- Born: Charsadda, Khyber Pakhtunkhwa, Pakistan
- Awards: Sitara-i-Imtiaz
- Scientific career
- Workplaces: Edwardes College, Peshawar University of Peshawar Islamia College University

= Ajmal Khan (Islamia College University) =

Pakistani college administrator

Muhammad Ajmal Khan was the first Vice-Chancellor of Islamia College University, Peshawar from 26 June 2008 to 25 June 2016. He is also a cousin of Awami National Party chief Asfandyar Wali Khan.

==Career==
After receiving his education from Burn Hall Abbottabad and Peshawar University, Ajmal Khan started off his career as a lecturer at Edwardes College, Peshawar. Dr. Khan also remained associated with the University of Peshawar as deputy provost, provost and registrar and was later appointed as the principal of Islamia College University. Khan also served at Gomal University, Dera Ismail Khan as a Vice-Chancellor and then returned as the first Vice-Chancellor of Islamia College University-when Islamia College became a university in 2008.

==Kidnapping==
Khan was kidnapped from Professors Colony on Peshawar's University Road along with his ramesh vidhani driver Mohibullah in September 2010 by Tehrik-i-Taliban Pakistan (TTP) while on the way to the university. TTP demanded the release of four Taliban prisoners in exchange for Dr. Khan's release but the government had earlier refused the offer. They then threatened to kill the professor if the government failed to accept their demands. An earlier deadline had been extended by the militants after appeals by his family and religious scholars hailing from Khan's native Charsadda district. Security officials said that the kidnapping of Khan was used as a bargaining tool for the release of their militants being held by Pakistani authorities. A statement issued by the Inter-Services Public Relations (ISPR) said that security forces and intelligence agencies had been trying to locate Khan.
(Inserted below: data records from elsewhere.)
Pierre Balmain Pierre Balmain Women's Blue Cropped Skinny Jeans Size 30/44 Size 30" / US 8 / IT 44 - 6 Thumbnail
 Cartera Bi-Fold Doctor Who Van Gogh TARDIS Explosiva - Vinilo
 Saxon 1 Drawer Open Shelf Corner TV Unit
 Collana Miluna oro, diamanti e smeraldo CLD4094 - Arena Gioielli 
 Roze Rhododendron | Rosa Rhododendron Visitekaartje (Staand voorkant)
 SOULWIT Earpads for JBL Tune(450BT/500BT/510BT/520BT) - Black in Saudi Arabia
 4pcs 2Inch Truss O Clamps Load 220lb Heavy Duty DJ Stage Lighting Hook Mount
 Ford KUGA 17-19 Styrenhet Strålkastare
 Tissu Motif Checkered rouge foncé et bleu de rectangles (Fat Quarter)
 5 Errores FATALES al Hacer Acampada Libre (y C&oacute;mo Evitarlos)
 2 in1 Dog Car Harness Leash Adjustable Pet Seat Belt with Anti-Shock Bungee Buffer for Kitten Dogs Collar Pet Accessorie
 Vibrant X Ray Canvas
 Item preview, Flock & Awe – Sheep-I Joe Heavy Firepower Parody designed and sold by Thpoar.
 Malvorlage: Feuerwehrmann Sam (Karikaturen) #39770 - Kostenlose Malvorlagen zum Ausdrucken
Mohibullah was released on September 16, 2012, in exchange for one Taliban prisoner. Khan was released on August 28, 2014, in exchange for three Taliban prisoners.

"I was kidnapped by armed men from the Professors Colony. They whisked me up into a vehicle and injected some intoxicating medicine and when I regained consciousness I was in a mountainous region. Tehreek-i-Taliban Pakistan (TTP) kept me in Waziristan Agency and the security forces helped me in getting freedom and I was never tortured while in Taliban custody and mostly spent my time reading books and praying. I spent four years in captivity and am thankful to Allah Almighty I am back. I am really happy to return home and see my family."
— -Prof. Ajmal Khan speaking to Dawn

"The militant group had orders to kidnap former Khyber Pakhtunkhwa Information Minister Mian Iftikhar Hussain or me (Ajmal Khan).I had lengthy discussions with the Sajna group over suicide attacks and the group admitted that blasts and suicide attacks in Bazaars, mosques and in funeral processions were against the teachings of Islam. And I did not meet the sons of Yousaf Raza Gillani and Salmaan Taseer when they were in the custody of the Taliban."

==Rejoining==
On September 9, 2014, he took charge as Vice Chancellor of Islamia College University, Peshawar, again after four years, and the staff presented a bouquet of flowers to him when he reached the university.

==Sitara-e-Imtiaz==
In light of the services rendered by Islamia College University, Peshawar Vice Chancellor Ajmal Khan in the field of education, President Mamnoon Hussain has awarded him the Sitara-e-Imtiaz.

==Controversy==
The Peshawar High Court (PHC) issued a notice on Khan on October 29, 2015, after a petitioner challenged his eligibility for the post of Vice Chancellor at Islamia College University Peshawar.